Activity: This exercise asks for an exact copy of the lines from the one containing "Smocked Pencil Skirt" through the final line of the material, with pictures omitted.

Provided material:
____

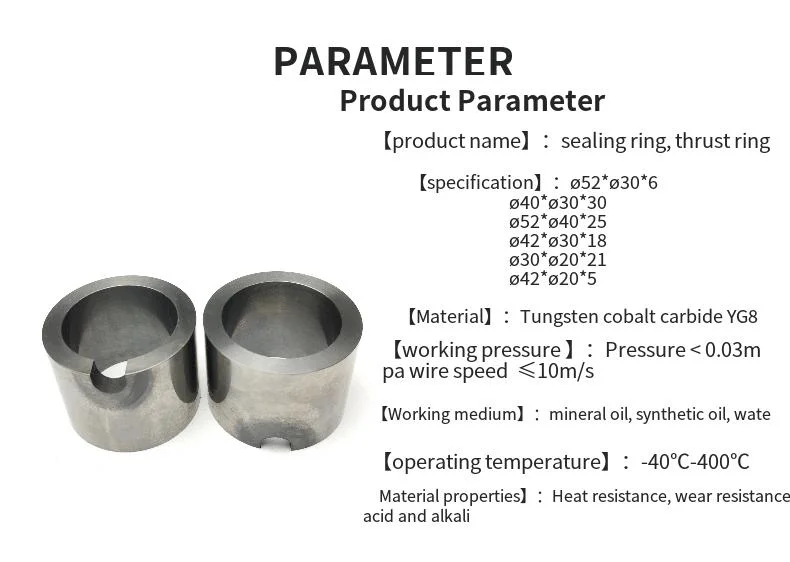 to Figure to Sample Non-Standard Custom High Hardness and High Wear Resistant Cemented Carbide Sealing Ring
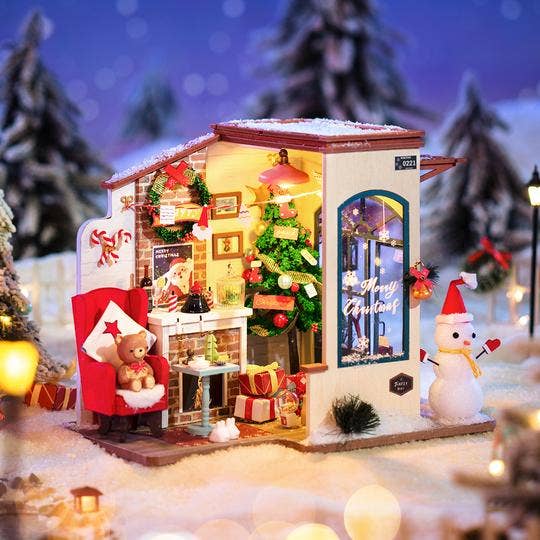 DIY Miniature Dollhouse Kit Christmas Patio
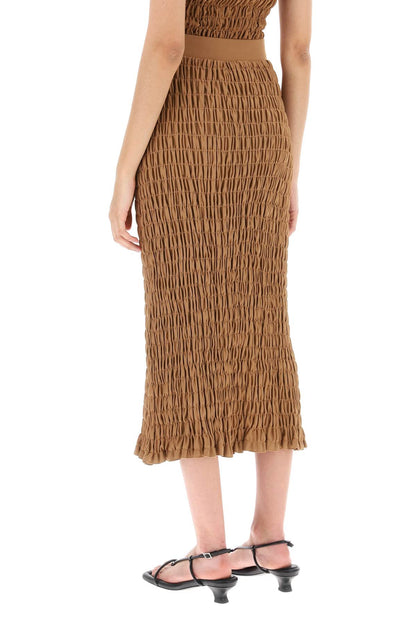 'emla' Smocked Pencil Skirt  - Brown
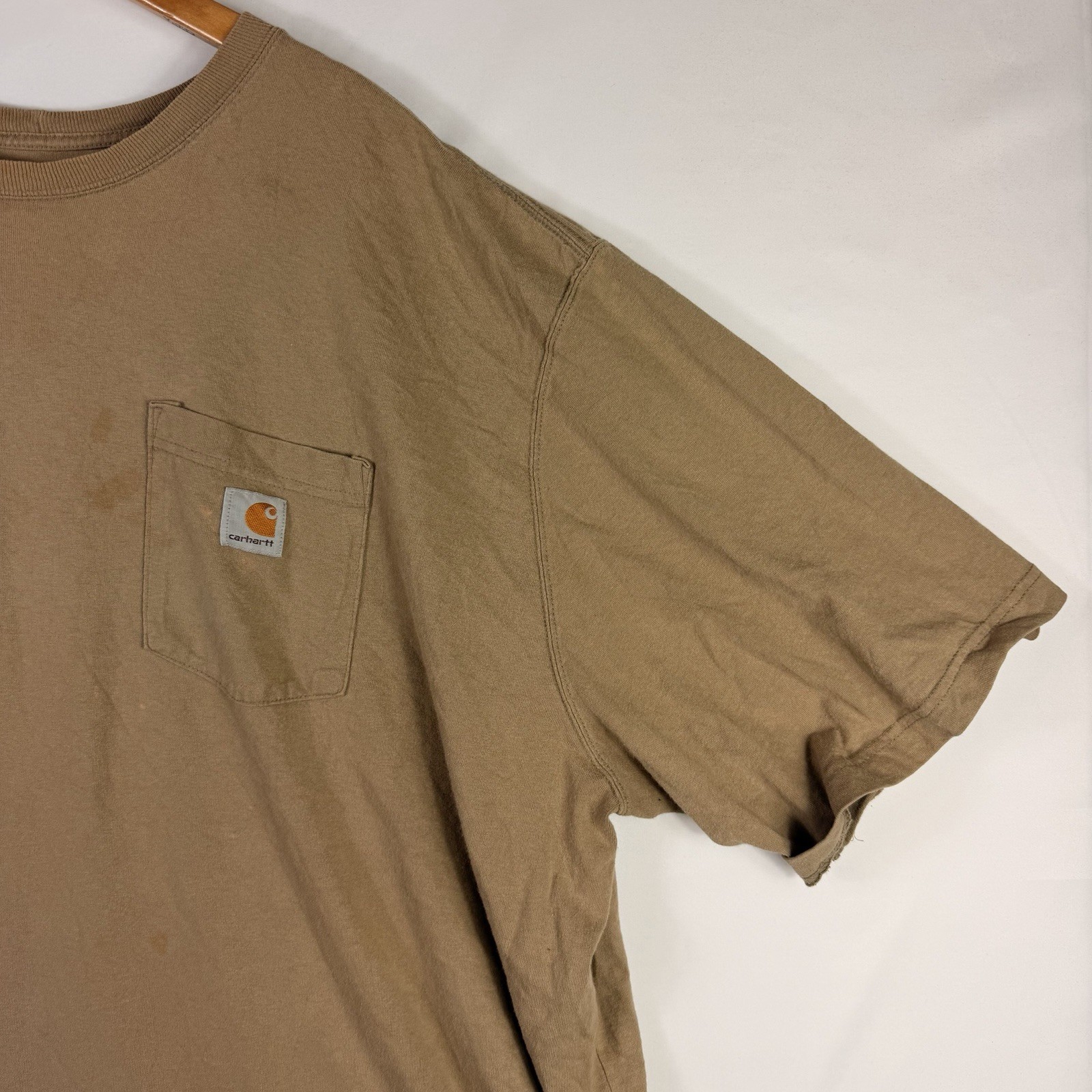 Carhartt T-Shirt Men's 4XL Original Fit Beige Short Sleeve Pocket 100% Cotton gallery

____

Output of the task:
 'emla' Smocked Pencil Skirt  - Brown
 Carhartt T-Shirt Men's 4XL Original Fit Beige Short Sleeve Pocket 100% Cotton gallery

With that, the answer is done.